Damit haben sich Konturen eines Wahlkampfes abgezeichnet. Deutlich geworden ist neben den inhaltlichen Unterschieden vor allem auch ein Unterschied im Stil und in den Herangehensweisen. Das alles noch recht verhalten, denn noch liegen vier Monate Regierungszusammenarbeit mit erheblichen Herausforderungen vor den Protagonisten.
Dass der Wahlkampf auf eine Entscheidung zwischen Hans und Rehlinger hinausläuft, wird den kleinen Parteien das Leben erfahrungsgemäß schwer machen. Das machen sie sich allerdings – mit Ausnahme der FDP – derzeit ohnehin selbst am meisten. Die AfD hat ihre internen Kämpfe nicht ausgestanden, die Linke spaltet sich, die Grünen stehen vor einem ungewissen Parteitag und einer neuen Konkurrenz namens bunt.saar, die sich derzeit formiert.
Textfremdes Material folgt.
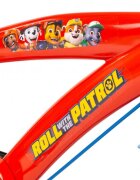 TOIMSA Bicicleta copii Paw Patrol Red 16 inch cu roti ajutatoare si sticluta de apa cu suport anvelope cu profil gros scaun si ghidon reglabile pe inaltime frana de mana pe ambele roti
Trotzdem gilt: vier Monate vor einer Wahl irgendeine Prognose zu wagen, wäre mehr als vermessen. Politische Stimmungslagen sind, wie es neudeutsch heißt, volatil. Und das alle beherrschende Thema in diesen Tagen ist ohnehin die extreme vierte Corona-Welle mit noch unabsehbaren Folgen.